Bernhard Reckling

Quelle: Bernhard Reckling

Bernhard ist 35 Jahre alt und wohnt zusammen mit seiner Frau im Rhein-Main-Gebiet. Er gehört deutschlandweit zu den wenigen männlichen Erziehern in der Kindertagesbetreuung (7,4 %, Stand 2021) und ich habe mich sehr gefreut, als Bernhard mir dieses Interview ermöglicht hat. Denn es ist eine tolle Möglichkeit, einen anderen Blick auf die Arbeit der Erzieher*innen zu erhalten und zeigen zu können, warum dieser von Frauen dominierte Beruf auch für Männer eine erfüllende Tätigkeit sein kann.

Bernhards Weg führte nach der Schule zunächst in eine ganz andere Richtung. Er absolvierte eine Ausbildung zum Koch und arbeitete in diesem Beruf  9 Jahre lang. Doch irgendwann kam er an einen Punkt, an dem er sich verändern wollte. Durch seine Frau hatte er Einblicke in die Soziale Arbeit erlangt und schon lange Zeit vorher immer wieder mit dem Beruf des Erziehers geliebäugelt. Schließlich hospitierte er in einer Kindertagesstätte und begann 2015 mit dem 6-monatigen Vorpraktikum. Im Anschluss begann er unter Anrechnung seiner bereits abgeschlossenen Berufsausbildung die 3-jährige Erzieherausbildung. Nach seinem erfolgreichen Abschluss fing Bernhard in einer Krabbelstube für die Betreuung der U3-Kinder an, die sehr viel Aufmerksamkeit benötigen. Es ist eine sehr wichtige Aufgabe mit hoher Verantwortung, die er mit seinen beiden Kolleg*innen bei der Betreuung der insgesamt 11 U3-Kinder nachgeht. Kinder sollen einen guten Start in die Gesellschaft und das Leben erhalten. Gerade die Betreuung so junger Kinder ist notwendig, um es den Eltern zu ermöglichen, wieder in die Erwerbstätigkeit zurückzukommen und den Kindern in dieser Zeit eine kindgerechte und pädagogisch sinnvolle Unterstützung zu bieten. Dazu möchte Bernhard mit seiner Arbeit einen Teil beitragen. Erzieherische Tätigkeit ist mehr als nur ein wenig basteln, singen und die Kinder zu beaufsichtigen. Gerade die psychoanalytische Pädagogik legt sehr viel Wert darauf, dass die Kinder einen echten Vorteil und Mehrwert aus dem Besuch der Kindertagesstätte ziehen.

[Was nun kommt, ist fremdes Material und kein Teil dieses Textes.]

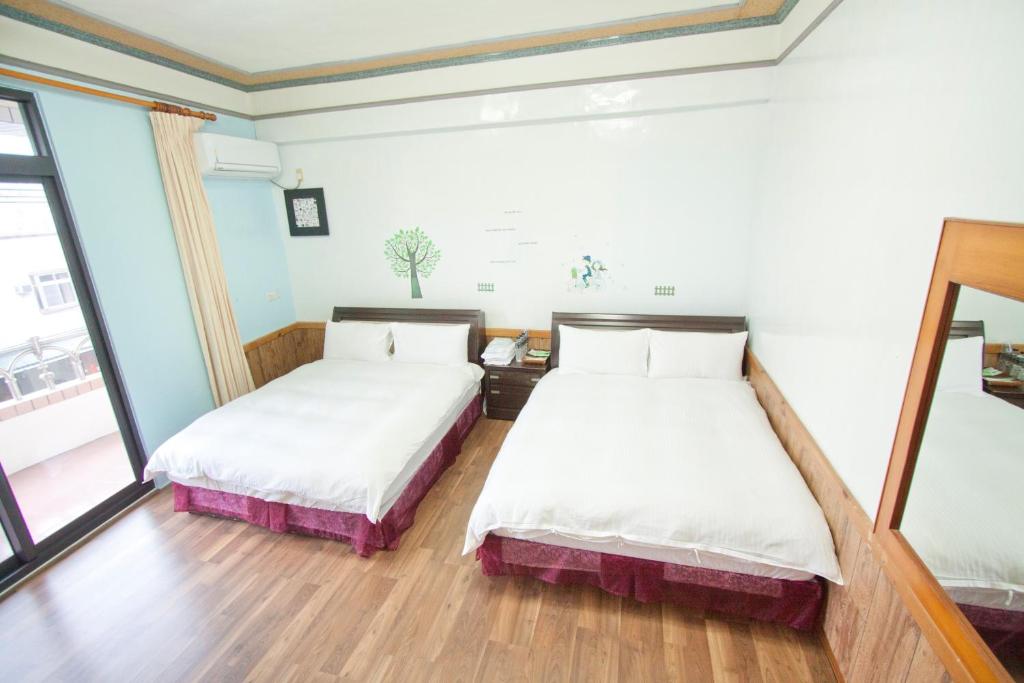 Postel nebo postele na pokoji v ubytování Dons Young Homestay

Ein ganz wichtiges Thema ist für Bernhard die Wertschätzung seiner Arbeit. Die Ausbildung ist sehr lange und dauert in der Regel 5 Jahre. In anderen Ländern ist es ein Studiengang, weil dieser Beruf so vielschichtig und umfangreich ist. Auch innerhalb der Erzieher*innen gibt es nicht immer die gleiche
Wertigkeit und besonders die Arbeit mit den U3-Kindern wird gelegentlich belächelt, dabei ist der körperliche Aspekt nicht zu unterschätzen (z.B. müssen die Kinder viel getragen werden) und die psychische Belastung und Aufnahmebereitschaft ist über den gesamten Tag sehr hoch. Die Arbeit mit den U3-Kindern ist mehr als nur spielen und trösten und sehr anstrengend. Die emotionale Herausforderung und Ernsthaftigkeit werden insgesamt in dem Beruf der Erzieher*innen oft nicht gesehen.

Quelle: Bernhard Reckling

Die Männerquote ist besonders bei den U3-Kindern sehr gering im Gegensatz zu den Kindergärten oder dem Hort (wobei der Männeranteil auch dort noch viel zu niedrig ist). Bernhard beobachtet oft ein etwas unbeholfenes Verhalten von Männern im Umgang mit kleinen Kindern. Hier braucht es deutlich mehr männliche Vorbilder durch eine gute Öffentlichkeitsarbeit, eine bessere Bezahlung und vielleicht auch die Umwandlung der Ausbildung in einen Studiengang. In seiner Einrichtung war er der erste Mann, während seine Ausbildungsklasse bereits aus 10 Männern bestand. Grundsätzlich sieht Bernhard keinen besonderen Unterschied zwischen weiblichen und männlichen Erzieher*innen. Vielleicht sind es eher die männlichen Kollegen, die mit den Kindern wildere Spiele (Raufen, Toben etc.) machen. Dies kommt aber allen Kindern zugute, egal welches Geschlechts. Für Bernhard ist es wichtig, dass wir als Gesellschaft nicht mehr in Schubladen denken. Es sollte eine Selbstverständlichkeit sein, dass sowohl Frauen als auch Männer für pflegerische Tätigkeiten, wie das Trösten oder Kuscheln zuständig sind und für Bindungsbedürfnisse zur Verfügung stehen. Noch immer ist dieser Aspekt in der Arbeit der Erzieher*innen eher der „weibliche“ Part. Kinder und vor allem Jungen brauchen männliche Vorbilder, die genau dies verkörpern und profitieren davon in der Ausbildung einer reifen, männlichen Geschlechtsidentität, die es ihnen ermöglicht, sowohl Autonomie- als auch Abhängigkeitsbedürfnisse wahrzunehmen und zuzulassen. Nicht wenige Väter ziehen sich aus einer persönlichen Schwierigkeit auf dieser Ebene emotional aus der Erziehung ihrer Kinder zurück, was die Notwendigkeit alternativer männlicher Beziehungserfahrungen umso bedeutsamer werden lässt, damit sich diese Muster nicht wiederholen.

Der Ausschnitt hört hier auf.